I've been advised to use the BFG Repo-Cleaner as my local repo that I want to push contains files too large to push to GitHub. These files (above about 50MB) I don't mind if they get deleted and I accidentally committed them a while back.
On the online instructions: https://rtyley.github.io/bfg-repo-cleaner/
It suggests I should clone a fresh copy of my repo using the --mirror flag (this is seemingly an online version, not the local version). Then to do the Java -jar bfg.jar ... command. And following this to cd back into that local mirror copy of the online repo, and then to push the information back.
I don't quite understand how this applies for local copies.

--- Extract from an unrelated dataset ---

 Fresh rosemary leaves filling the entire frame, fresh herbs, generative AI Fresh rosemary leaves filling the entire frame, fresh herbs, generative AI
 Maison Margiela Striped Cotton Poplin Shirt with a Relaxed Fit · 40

For local copies that are too big to push should I e.g. do:
git clone --mirror /Users/me/myrepo
java -jar bfg.jar --strip-blobs-bigger-than 100M /Users/me/myrepomirror.git
Then I don't also understand how the next steps:
cd /Users/me/myrepomirror.git git reflog expire --expire=now --all && git gc --prune=now --aggressive git push
would address anything to do with my non-mirrored local repo:
/Users/me/myrepo
I am not sure if they imply that I should then do after this:
java -jar bfg.jar --strip-blobs-bigger-than 50M my-repo.git
And again I do not know how this addresses the actual repo (not a mirror or an online version) that I want to prune so that I can push it.

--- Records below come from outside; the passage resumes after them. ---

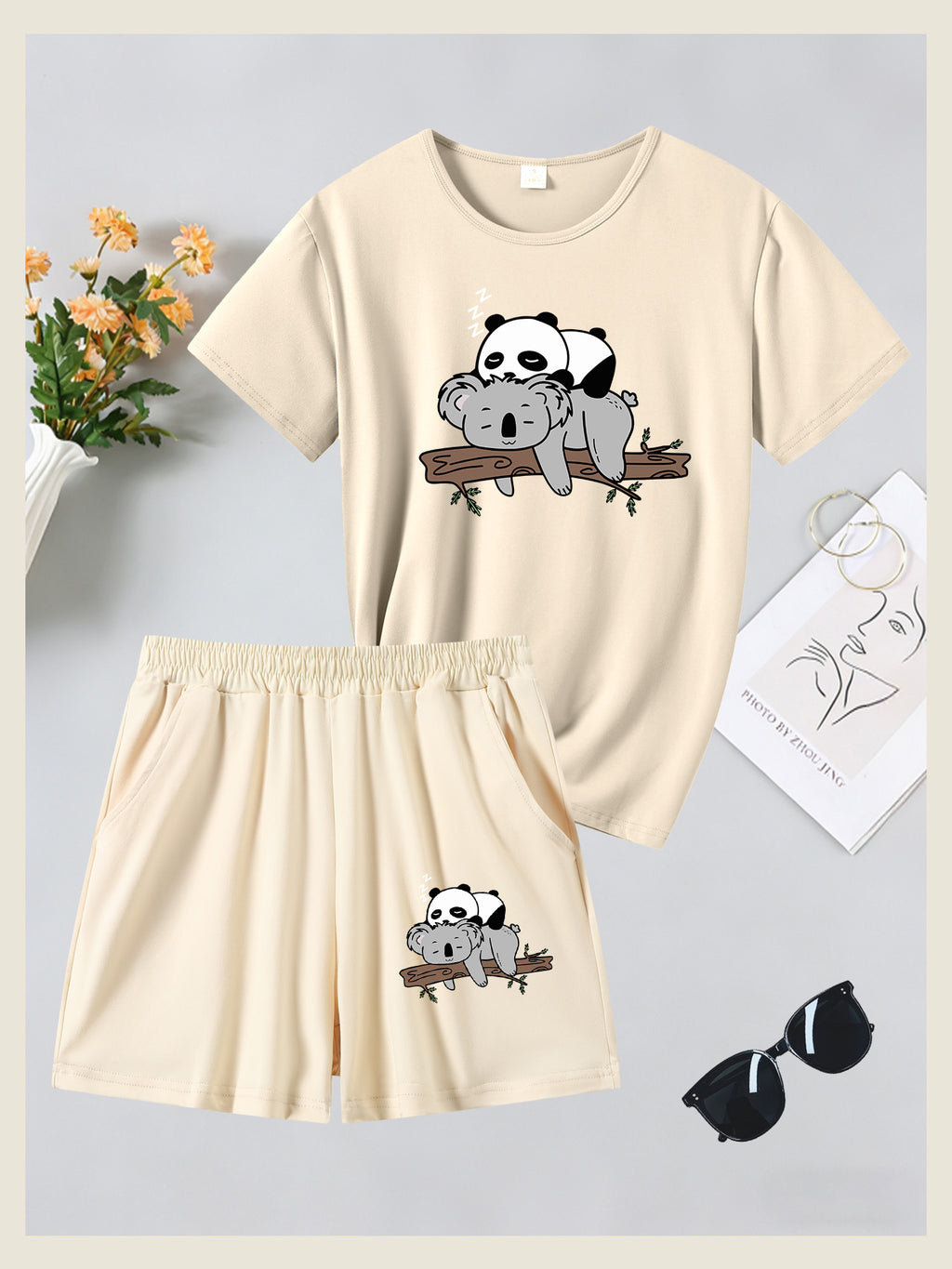 2pcs Women's Summer Short Sleeve Set—Panda Koala Cute Animal Print Short Sleeve Shorts Set, Comfortable, Soft, and Breathable for Sports and Daily Wear, Suitable for Back-to, Campus, Valentine's Day, Women's Pajamas, Jogging, Fitness, and as a Gift - Apricot + Apricot
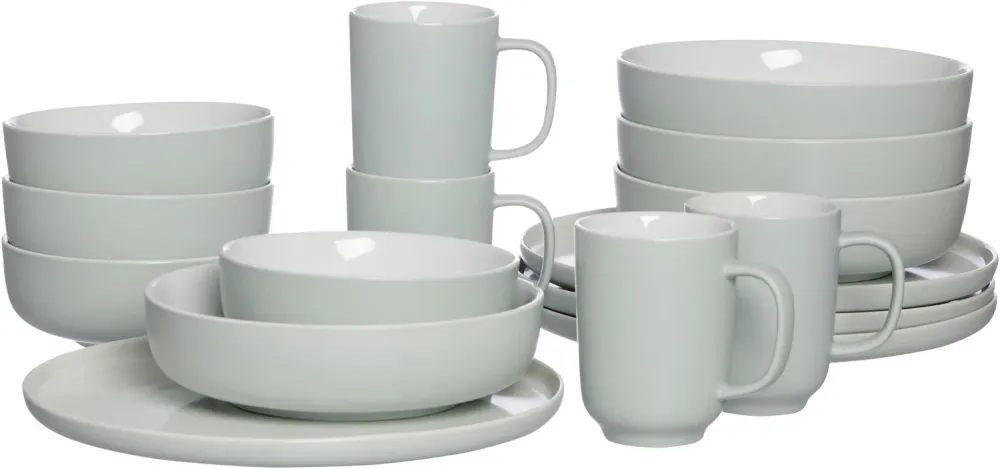 Ritzenhoff & Breker Servizio da tavola Jasper – Set da 16 pezzi, Ø 26 cm, gres, menta, lavabile lavastoviglie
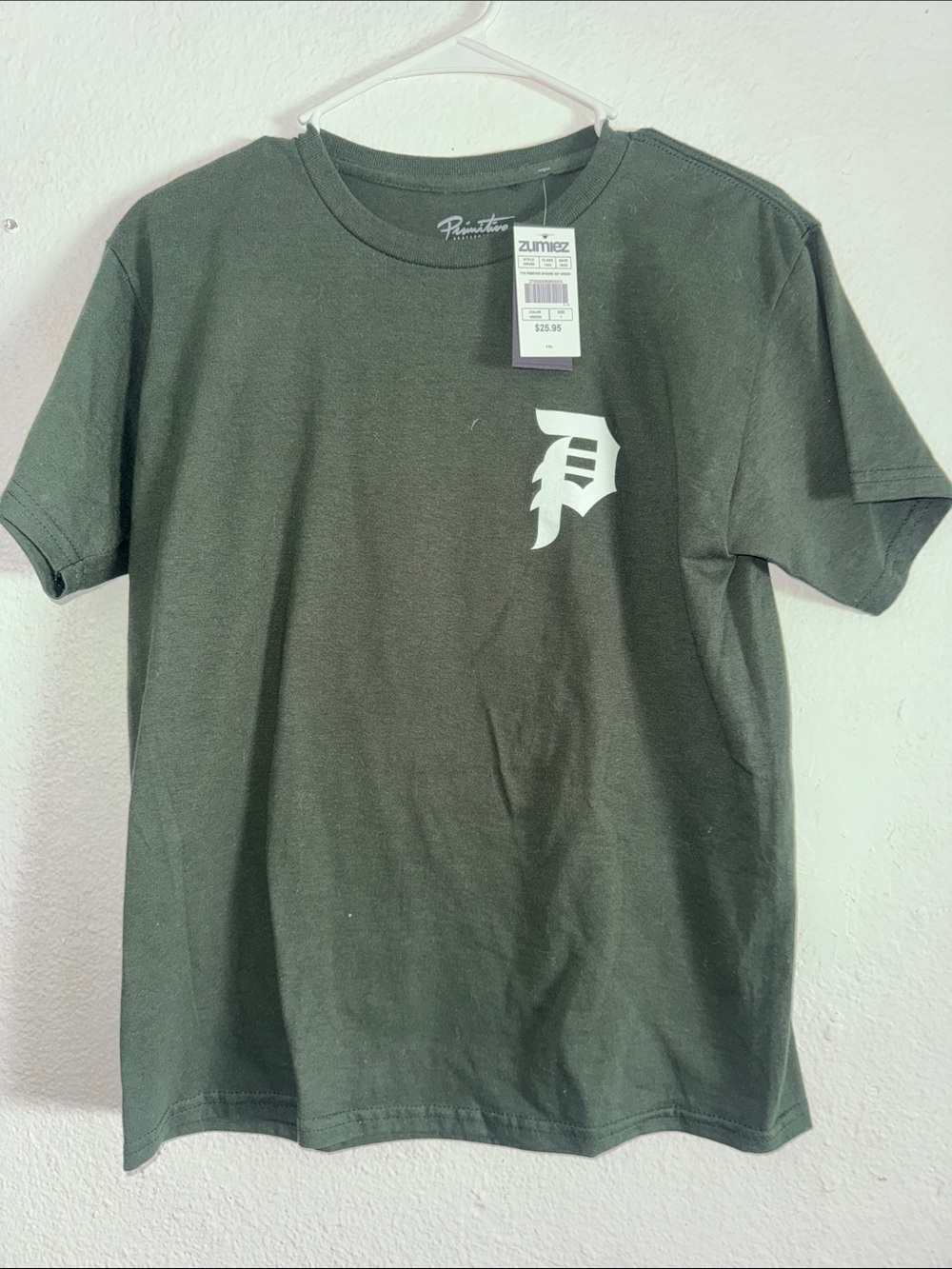 Primitive Olive Green Tee with White 'P' Chest Logo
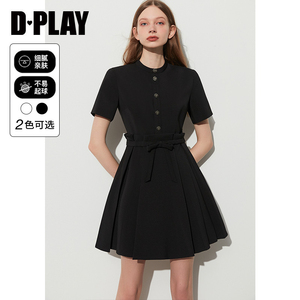 DPLAY秋现款法式小香风蝴蝶结显瘦气质赫本风小黑裙连衣裙女
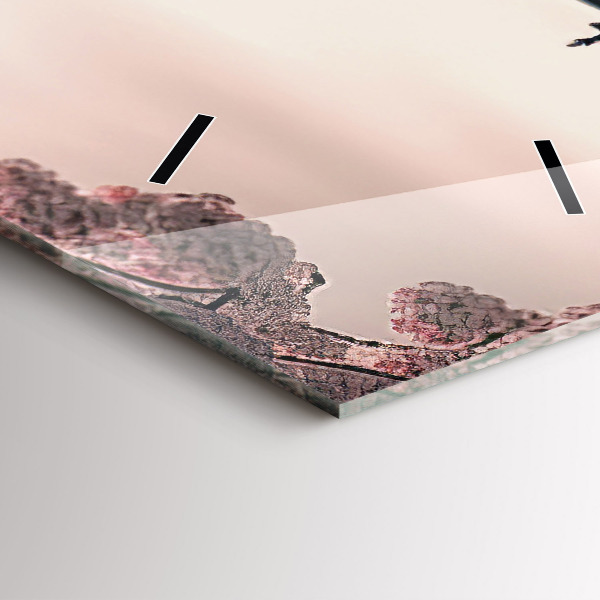 Reloj de cristal vertical Torre asiática Cerezos en flor - espejomat.es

Perhaps I am being a bit dull? The documentation doesn't seem very explicit/extensive for something so potentially useful. Any help here would be great. Thanks!
I've never used BFG before. It sounds useful if you're in this situation of having large files that you need to remove. However, I'll try to explain the overall process, as I understand it.

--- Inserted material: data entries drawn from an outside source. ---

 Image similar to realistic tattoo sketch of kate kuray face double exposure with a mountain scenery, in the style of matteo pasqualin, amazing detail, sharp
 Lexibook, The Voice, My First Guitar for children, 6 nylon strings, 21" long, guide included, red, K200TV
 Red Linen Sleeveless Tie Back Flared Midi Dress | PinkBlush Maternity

Before we begin, note that BFG will rewrite the history of the the remote repository, and pushing it will require everyone on your team to re-clone the repository and transfer their local-only branches over.
According to git's documentation, git clone --mirror
Set up a mirror of the source repository. This implies --bare. Compared to --bare, --mirror not only maps local branches of the source to local branches of the target, it maps all refs (including remote-tracking branches, notes etc.) and sets up a refspec configuration such that all these refs are overwritten by a git remote update in the target repository.
This means that the clone will create an exact copy of the remote repository on your machine. As the BFG docs say, you should create a backup of this clone in case you need it later.
java -jar bfg.jar --strip-blobs-bigger-than 100M some-big-repo.git
Will target the clone you made with git clone --mirror
and will clean all commits of files containing > 100M except the most recent commit (as mentioned in the BFG docs). BFG won't delete the old data automatically. It will stop, let you confirm everything looks good and then leave you to clean up the rest.
cd /Users/me/myrepomirror.git
Will navigate to the bare repository. You may have to change the path accordingly.
git reflog expire --expire=now --all && git gc --prune=now --aggressive
Let's break this command up into it's two logical parts:
git reflog expire --expire=now --all
--expire=now
tells git to expire all reflogs prior to the current time.--all
means across all references. Without --all, the expiration would only happen for the branch you're currently on, rather than all branches.git gc --prune=now --aggressive
--prune=now
tells git gc to remove loose objects prior to the current time.--aggressive
will cause git gc to spend more time cleaning the repository of unnecessary files and provide greater optimization. The git gc
docs have some additional info on it.Once all of that is done, git push
will overwrite the remote version of all of the branches with the newly cleaned ones.
You would now have to re-clone the repository in a different directory with git clone
to obtain a non-bare version.
Essentially what we've done with this process is create a copy of the remote repository, removed the offending files and rewritten the commit history in the process, pushed the rewritten remote and overwritten what was there previously, and cloned a new copy of that repository for us to continue working.
I'd suggest some preventative measures to avoid having to constantly remove these files. BFG
shouldn't be run frequently, since it rewrites the repository's history.
Unfortunately, .gitignore doesn't support ignoring files larger than a given size. However, there may be some options available to you, regardless.